I provided a sample programme using SDL and gluUnproject in that answer.
Note that:
the modelview inverse can be computed trivially by successivelly applying the opposit transformations in the reverse order.
For instance, if you set your modelview from identity first by an translation, then an rotation, all you need to do is to set it to the <-a,-b,-c> rotation, and then apply the <-x,-y,-z> translation to get the inverse modelview.
For the projection inverse matrix, the red book appendix F - pointer courtesie of that gamedev.net page (though the link is broken there) - gives a solution.
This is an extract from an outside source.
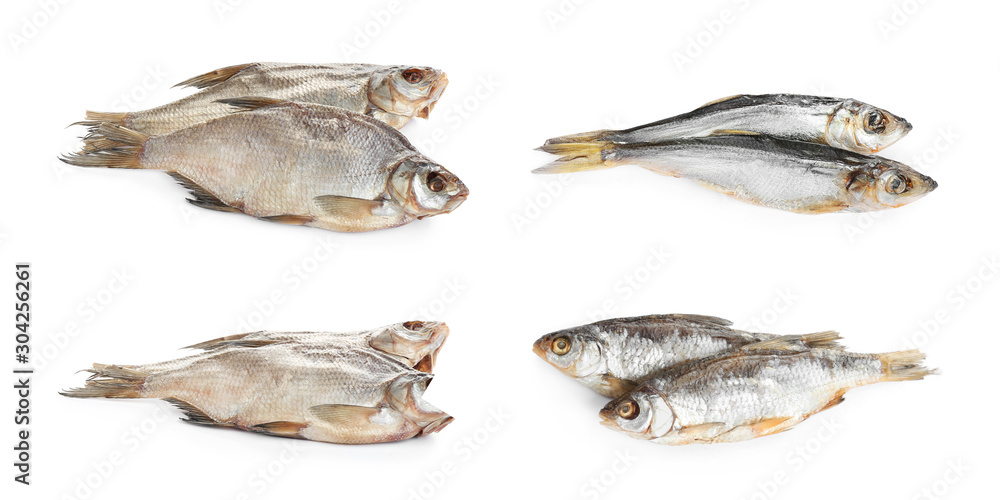 Set of tasty dry fish on white background Set of tasty dry fish on white background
This will only provide you the matrices to unproject a point from the homogeneous opengl projection space. You need first to pick a point from that space. That point maybe chosen using the screen cordinates first transformed back into the projection space. In my example, this involves flipping the coordinates with regards to the canvas dimension (but things could be perhaps different with another projection setup) and then extending them to 3D by adding a carefully chosen z component.
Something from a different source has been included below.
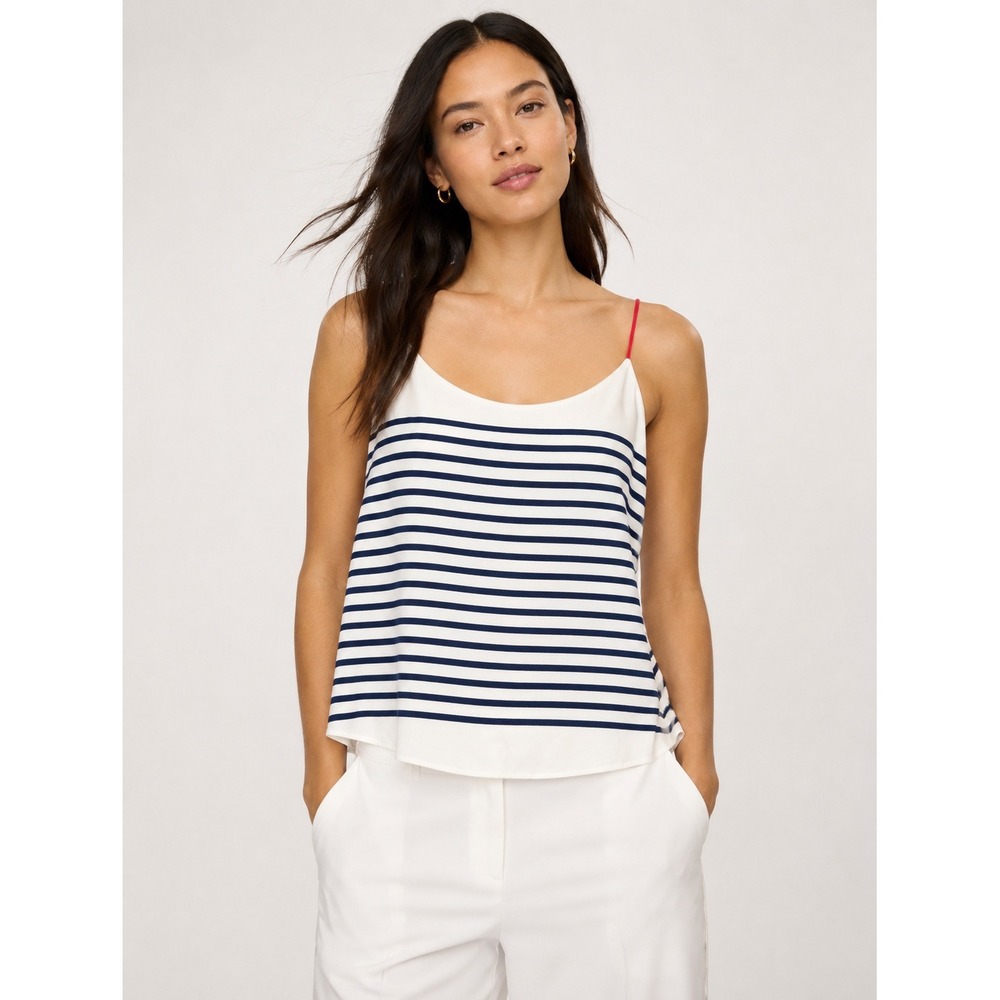 Banana Republic Womens Striped Cami Size 6 White Navy Red Nautical Summer Tank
That said, in the example programme of the other question, the goal was to cast a ray passing through the projected pixel into the scene, and figure out the distance from that line to points in the scene, and pick the closest one. You might be able to avoid the whole unproject business, by noticing that the mouse always move in the camera projection plan. Hence the translation vector for the object will necessary be composed of the X and Y unit vectors of the camera (I am assuming that Z is the axis perpendicular to the screen, as usual in OpenGL), both scaled by factor depending on the distance of the object to the camera.
You will get something like that:
+--------+ object translation plane
| /
| /
| /
| /
+----+ screen plane
| /
| /
| /
| /
+ camera eye position
You can get the scaling factor from the Intercept theorem, and the X and Y camera vectors from the first and second columns of the modelview matrix.
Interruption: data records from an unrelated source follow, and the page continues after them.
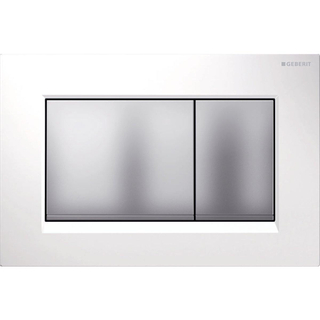 Geberit Sigma30 bedieningplaat, 2-toets spoeling frontbediening voor toilet 24.6x16.4cm wit / chroom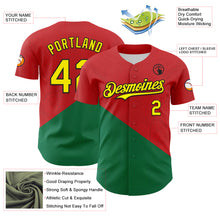 Load image into Gallery viewer, Custom Red Light Yellow Green-Black Portugal Style Authentic Baseball Jersey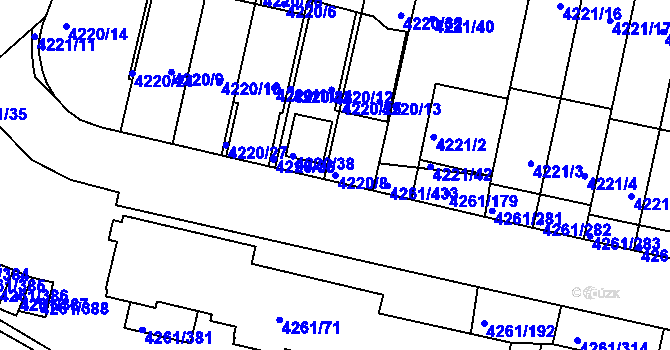 Parcela st. 4220/8 v KÚ Smíchov, Katastrální mapa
The final translation vector should be something along the lines of:
T = f * (dx * X + dy * Y)
where f is the scaling factor, X and Y the camera vectors, and <dx,dy> the mouse coordinates delta vector in the projection space.
You know your window resolution, and the mouse position relative to the window. From there you can determine a normalized coordinate in [0,1]. From this coordinate, you can then project a ray into your scene, and using the inverse of your projection*view matrix, can turn this into a world-space ray.
Then it is up to you to intersect the world space ray against your scene objects (via collision detection) to determine the "clicked on" objects (note that there may be more than one due to depth; usually you want the closest hit). This all depends on how you have organized your scene's spatial information and this is all made faster if you have some spatial partitioning structures (e.g. octree or BSP) for quick culling and simplified bounding boxes (e.g. AABBs or spheres) on your "scene objects" for a fast broad phase.
I would say more, but "the coordinate in OpenGL" is highly underspecified. Usually, you are not only interested in the coordinate, but also the "scene object" it meaningfully belongs to, and a whole bunch of other properties.